Namun, beberapa ulasan pedas dari wisatawan vegan Barat menyebutkan bahwa ‘harga sandwich terlalu mahal’ atau ‘kukisnya kering’. Oleh karena itu, tempat ini paling cocok untuk Anda yang ingin menikmati banyak sayuran segar dan tahu berkualitas tinggi, atau ingin beristirahat sejenak dengan hidangan sehat, bukan yang mengutamakan harga. Perlu diingat bahwa toilet berada di luar toko dan Anda harus meminjam kunci, jadi ada baiknya mengingat hal ini saat berkunjung.

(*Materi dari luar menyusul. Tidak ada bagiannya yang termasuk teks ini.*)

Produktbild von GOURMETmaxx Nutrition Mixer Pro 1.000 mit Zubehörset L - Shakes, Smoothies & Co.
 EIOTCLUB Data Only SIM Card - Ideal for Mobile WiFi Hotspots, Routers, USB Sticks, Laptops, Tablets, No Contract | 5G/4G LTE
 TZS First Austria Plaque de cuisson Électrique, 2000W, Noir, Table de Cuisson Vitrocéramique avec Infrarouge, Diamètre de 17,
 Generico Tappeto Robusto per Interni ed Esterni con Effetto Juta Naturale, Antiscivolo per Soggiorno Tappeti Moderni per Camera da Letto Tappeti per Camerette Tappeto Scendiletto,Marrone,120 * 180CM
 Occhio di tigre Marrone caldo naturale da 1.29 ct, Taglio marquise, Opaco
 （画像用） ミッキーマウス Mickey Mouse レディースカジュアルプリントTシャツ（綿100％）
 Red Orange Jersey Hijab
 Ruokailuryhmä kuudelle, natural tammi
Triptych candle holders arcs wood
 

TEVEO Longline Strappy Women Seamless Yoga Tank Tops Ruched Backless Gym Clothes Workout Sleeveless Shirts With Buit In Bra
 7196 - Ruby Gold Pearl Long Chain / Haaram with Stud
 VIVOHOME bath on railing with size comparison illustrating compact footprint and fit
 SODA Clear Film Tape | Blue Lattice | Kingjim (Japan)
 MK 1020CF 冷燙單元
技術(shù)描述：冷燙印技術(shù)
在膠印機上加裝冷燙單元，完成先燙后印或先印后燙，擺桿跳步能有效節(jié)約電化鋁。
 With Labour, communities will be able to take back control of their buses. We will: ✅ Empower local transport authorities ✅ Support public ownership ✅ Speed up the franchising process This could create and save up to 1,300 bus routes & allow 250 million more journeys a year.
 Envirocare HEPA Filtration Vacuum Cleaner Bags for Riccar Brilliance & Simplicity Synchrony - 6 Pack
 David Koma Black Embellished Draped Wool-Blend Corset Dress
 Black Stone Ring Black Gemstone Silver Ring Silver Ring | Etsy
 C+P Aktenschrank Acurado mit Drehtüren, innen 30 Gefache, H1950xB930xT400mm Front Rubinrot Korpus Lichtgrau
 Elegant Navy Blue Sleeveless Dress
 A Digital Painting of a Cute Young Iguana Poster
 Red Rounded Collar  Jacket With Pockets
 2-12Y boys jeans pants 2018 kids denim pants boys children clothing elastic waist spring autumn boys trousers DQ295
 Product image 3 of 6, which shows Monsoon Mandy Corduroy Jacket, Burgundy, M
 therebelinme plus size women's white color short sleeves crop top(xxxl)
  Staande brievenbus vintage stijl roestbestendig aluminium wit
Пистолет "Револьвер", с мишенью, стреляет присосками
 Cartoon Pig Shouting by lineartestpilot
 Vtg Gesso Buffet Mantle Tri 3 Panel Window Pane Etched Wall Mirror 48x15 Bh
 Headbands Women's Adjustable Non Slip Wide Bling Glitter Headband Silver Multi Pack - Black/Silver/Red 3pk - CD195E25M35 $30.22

Tips Nyata untuk Menikmati Hidangan Vegan dan Vegetarian di Seoul
Saat bersantap di Korea, seringkali ‘Bibimbap Sayur’ atau ‘Tahu Jjigae’ di restoran umum mengandung saus ikan (fish sauce), ekstrak udang, atau kaldu tulang sapi dalam bumbu. Selain itu, ‘Kimchi’, makanan khas Korea, secara tradisional menggunakan ‘jeotgal’ (fermentasi seafood), jadi bagi vegan ketat, perlu diperhatikan.
Oleh karena itu, memiliki daftar restoran khusus yang mengusung konsep ‘100% Vegan (Plant-Based)’ seperti yang kami perkenalkan kali ini akan sangat memengaruhi kepuasan Anda selama di Seoul. Kimchi di restoran khusus ini difermentasi tanpa saus ikan, sehingga dapat dinikmati dengan aman.
Lebih lanjut, di restoran Korea, ‘kios (self-checkout)’ dan ‘pemesanan melalui tablet sentuh di meja’ semakin pesat popularitasnya. Mesin-mesin ini pada dasarnya dapat diubah ke bahasa Inggris atau Jepang, yang merupakan keuntungan besar bagi wisatawan karena dapat memilih menu dengan tenang tanpa hambatan bahasa. Namun, karena kios seringkali ‘khusus kartu kredit (dengan chip IC)’, sangat disarankan untuk selalu menyiapkan metode pembayaran non-tunai seperti Wowpass atau kartu kredit.